Records excerpted from a collection
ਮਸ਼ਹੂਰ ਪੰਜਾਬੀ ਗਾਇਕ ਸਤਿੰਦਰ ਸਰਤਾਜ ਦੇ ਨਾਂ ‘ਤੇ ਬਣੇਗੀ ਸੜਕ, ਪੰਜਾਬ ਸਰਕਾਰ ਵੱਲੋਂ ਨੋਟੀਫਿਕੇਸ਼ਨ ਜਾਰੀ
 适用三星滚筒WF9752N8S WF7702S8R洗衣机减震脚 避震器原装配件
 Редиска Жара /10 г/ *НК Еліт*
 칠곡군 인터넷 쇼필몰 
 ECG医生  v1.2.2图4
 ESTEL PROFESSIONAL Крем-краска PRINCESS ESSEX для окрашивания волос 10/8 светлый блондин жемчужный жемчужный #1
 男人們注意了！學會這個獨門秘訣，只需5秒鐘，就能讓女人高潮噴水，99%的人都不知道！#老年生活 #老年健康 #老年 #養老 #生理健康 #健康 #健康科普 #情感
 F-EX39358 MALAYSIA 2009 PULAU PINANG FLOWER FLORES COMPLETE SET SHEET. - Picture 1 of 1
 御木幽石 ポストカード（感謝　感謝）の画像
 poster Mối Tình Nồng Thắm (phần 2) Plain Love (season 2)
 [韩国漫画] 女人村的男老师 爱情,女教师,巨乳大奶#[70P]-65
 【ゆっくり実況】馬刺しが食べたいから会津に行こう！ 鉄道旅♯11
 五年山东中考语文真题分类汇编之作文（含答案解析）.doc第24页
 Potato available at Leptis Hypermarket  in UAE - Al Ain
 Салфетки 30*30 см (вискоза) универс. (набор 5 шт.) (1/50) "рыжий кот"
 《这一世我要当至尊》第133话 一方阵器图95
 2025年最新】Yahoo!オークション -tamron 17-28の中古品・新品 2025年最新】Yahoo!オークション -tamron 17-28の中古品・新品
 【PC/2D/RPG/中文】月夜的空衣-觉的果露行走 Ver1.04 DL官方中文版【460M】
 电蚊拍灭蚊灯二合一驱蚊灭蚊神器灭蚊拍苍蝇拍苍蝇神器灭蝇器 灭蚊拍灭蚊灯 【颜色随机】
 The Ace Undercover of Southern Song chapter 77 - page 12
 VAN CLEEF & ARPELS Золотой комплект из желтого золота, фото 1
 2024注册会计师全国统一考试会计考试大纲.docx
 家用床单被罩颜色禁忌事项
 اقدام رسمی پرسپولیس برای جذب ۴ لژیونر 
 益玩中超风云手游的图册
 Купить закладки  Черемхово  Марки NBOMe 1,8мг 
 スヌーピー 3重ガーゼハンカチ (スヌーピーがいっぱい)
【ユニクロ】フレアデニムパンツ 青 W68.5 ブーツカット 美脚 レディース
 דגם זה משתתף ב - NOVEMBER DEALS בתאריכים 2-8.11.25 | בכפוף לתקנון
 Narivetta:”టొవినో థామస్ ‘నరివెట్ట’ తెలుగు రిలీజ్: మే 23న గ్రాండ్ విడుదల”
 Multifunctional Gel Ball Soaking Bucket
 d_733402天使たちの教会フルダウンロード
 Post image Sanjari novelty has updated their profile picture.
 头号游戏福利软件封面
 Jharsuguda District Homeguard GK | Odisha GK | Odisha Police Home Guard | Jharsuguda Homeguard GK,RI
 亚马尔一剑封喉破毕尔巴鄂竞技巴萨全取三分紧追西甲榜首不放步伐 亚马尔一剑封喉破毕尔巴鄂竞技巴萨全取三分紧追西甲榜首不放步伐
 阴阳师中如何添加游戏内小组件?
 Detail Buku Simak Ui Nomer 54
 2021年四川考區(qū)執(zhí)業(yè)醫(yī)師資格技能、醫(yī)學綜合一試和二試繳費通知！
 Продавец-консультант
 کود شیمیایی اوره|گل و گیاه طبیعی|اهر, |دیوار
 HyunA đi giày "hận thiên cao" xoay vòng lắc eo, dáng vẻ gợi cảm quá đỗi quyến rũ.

Task to carry out: Transcribe the lines above between the line holding "男人們注意了！學會這個獨門秘訣，只需5秒鐘，就能讓女人高潮噴水，99%的人都不知道！#老年生活 #老年健康 #老年" and the line holding "poster Mối Tình", inclusive, exactly as they stand and with nothing added.

Answer for the task:
 男人們注意了！學會這個獨門秘訣，只需5秒鐘，就能讓女人高潮噴水，99%的人都不知道！#老年生活 #老年健康 #老年 #養老 #生理健康 #健康 #健康科普 #情感
 F-EX39358 MALAYSIA 2009 PULAU PINANG FLOWER FLORES COMPLETE SET SHEET. - Picture 1 of 1
 御木幽石 ポストカード（感謝　感謝）の画像
 poster Mối Tình Nồng Thắm (phần 2) Plain Love (season 2)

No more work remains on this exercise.